This articles addresses a particular aspect of redundancy management. This is a result from my experiments at Alstom & personal thoughts.
In a Highly Available architecture with routing needs, it is of course necessary ensure continuous routing. There are a few different solutions for that, but the one I am interested in here is router redundancy.
Virtual Router Redundancy Protocol (VRRP) is one of the most widespread router redundancy protocol across router manufacturers.
I'm not going to go thoroughly into all VRRP principles and features, but some important aspects have to be reminded:
- VRRP uses a virtual IP & virtual MAC address
- RRP elects a Master & Backup instances across all available instances, the master gets to carry the virtual IP
- VRRP uses announces between all instances to manage who gets to be master.
- Each VRRP instance has a priority (0-255)
- A pre-empt attribute can be defined to takeover the Mastership is one's priority is higher.
- Conditions are configurable, depending on the implementation on how to behave when an instance detects a pre-empt possibility. For example it can choose to wait for X seconds before pre-empting the Mastership.
During boot process, some device polarize their interfaces to perform a health check. Some manufacturers even leave these interfaces up for a while even though the device is not able to forward any data during the process. Moreover, these interface polarization may happen multiple time during boot process.

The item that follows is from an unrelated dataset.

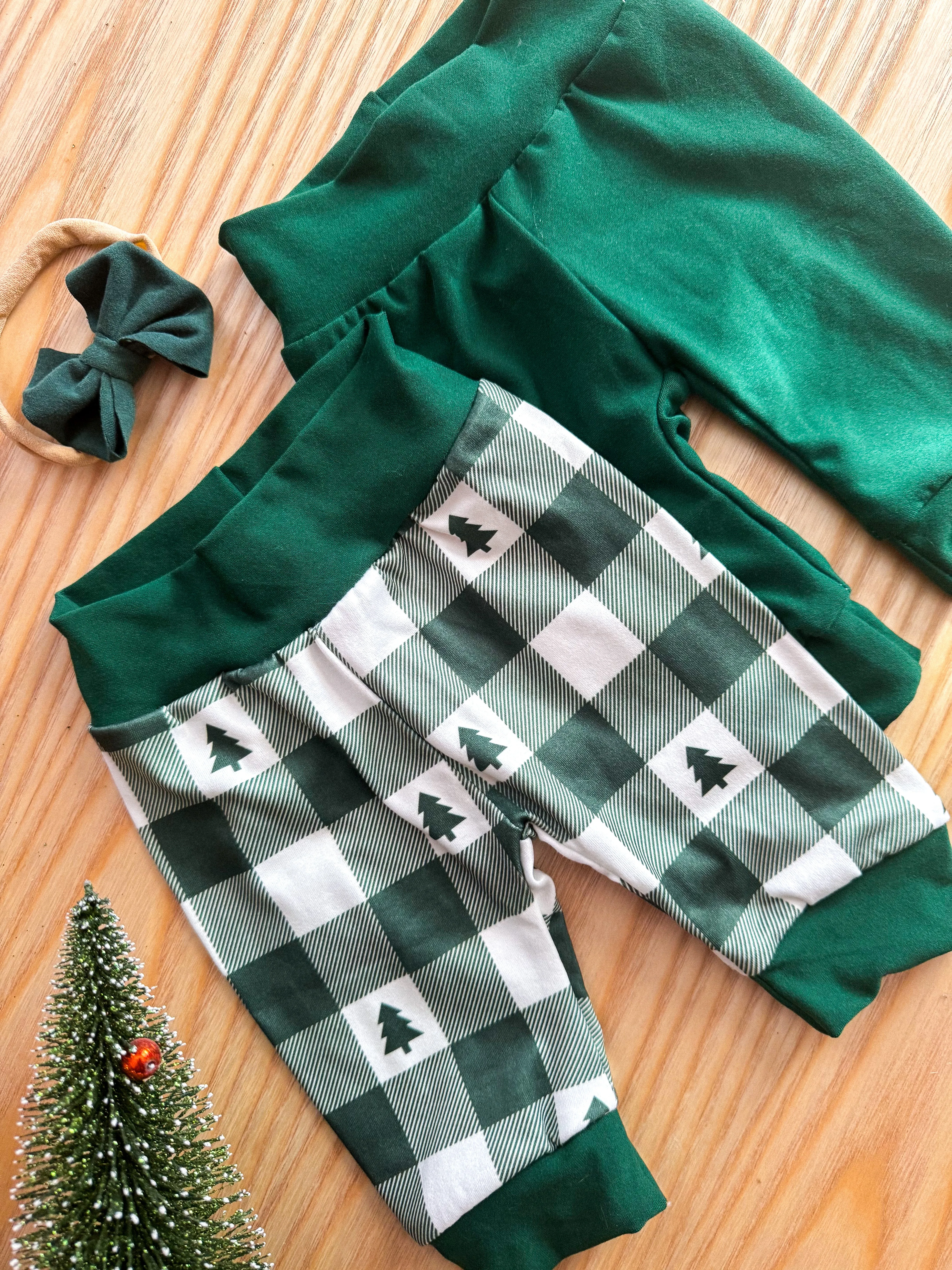 Baby Joggers : Green Plaid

This is illustrated on figures 1 to 3 below.
While it may be understandable for the equipment manufacturer, directly connected devices are not aware of the booting process and may mis-interpret it.
For example a router with VRRP enabled, in Init of Backup State will see its interface up and start announcing again its priority as if back to nominal mode.
If the device ends up getting back in Master state, then all traffic routed on this interface will be sent towards the still-booting device, which is still not ready to forward anything.
The router has absolutely no clue the traffic is lost in most cases (Ethernet + IP don't have any acknowledgement mechanisms).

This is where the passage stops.